2. ## Re: Show a subgroup is normal

Originally Posted by Krisly
I have an exercise in which I need to show the subgroup $\displaystyle H \subset S_4$ is normal, when $\displaystyle H$ is given as:
$\displaystyle H = \lbrace e, (12)(34),(13)(24),(14)(23) \rbrace$
I've maneged to show $\displaystyle H$ is indeed a subgroup and my idea is to somehow use the conjugate of a subgroup, but can't seem to make it work.
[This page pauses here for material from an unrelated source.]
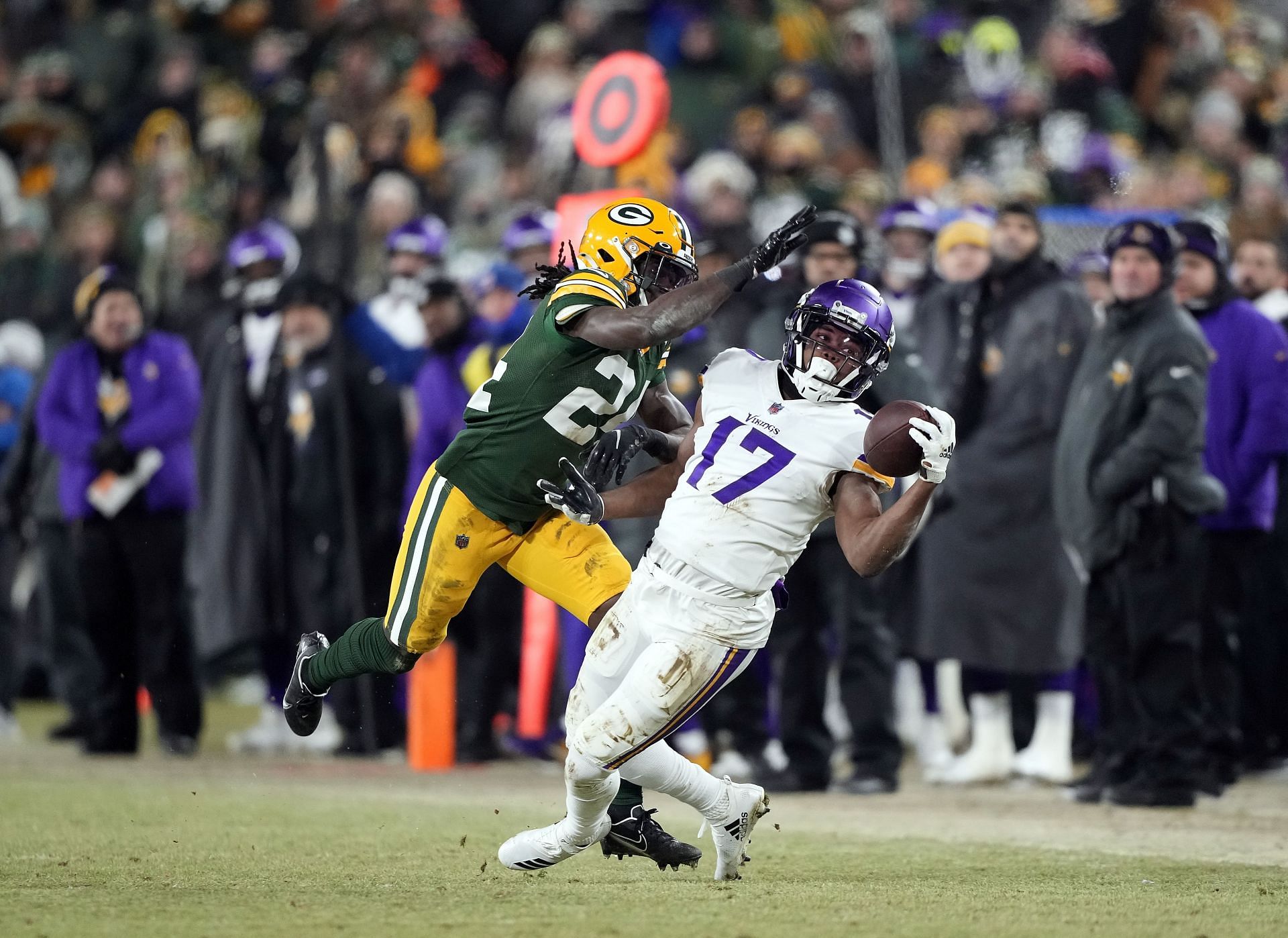 Minnesota Vikings v Green Bay Packers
Is there a better way to tackle this problem?
I don't know of any quick solution for this task.
There is a theorem from which you may be able to adapt proof:
A subgroup $\mathscr{S}$ of a group $\mathscr{G}$ is normal iff all of its right-cosets are left-cosets.

3. ## Re: Show a subgroup is normal

A fact which is not hard to prove: in a symmetric group, a conjugate of a cycle is another cycle of the same length. So for example $g(1\,2)(3\,4)g^{-1}=g(1\,2)g^{-1}g(3\,4)g^{-1}$, another product of two 2 cycles. Now notice in $S_4$, the only products of two 2 cycles are the non-identity elements of H.

4. ## Re: Show a subgroup is normal

Thank you very much! does that mean I can argue the following using both comments?

The group $\displaystyle H$ is normal iff the left cosets equals the right cosets hence;

$\displaystyle f H = H f, \: \forall f \in S_4$, thus $\displaystyle H$ is normal iff $\displaystyle fhf^{-1} \in H \: \forall f \in S_n \land h \in H$.

And as $\displaystyle f(ab)(cd)f^{-1} = f (ab) f^{-1} f (cd) f^{-1} = (f[a]f[b])(f[c]f[d])$

in addition to the argument all composition of disjoint two cycles of $\displaystyle S_4$ belongs to the set $\displaystyle H$, then $\displaystyle fHf^{-1} \in H$, thus $\displaystyle H$ is normal?

5. ## Re: Show a subgroup is normal

Yes. As Plato points out a subgroup H of a group G is normal iff for all g in G, gH=Hg.
Now for any g in G, gH=Hg iff $gHg^{-1}=H$ iff for any g in G and any h in H
$ghg^{-1}\in H$.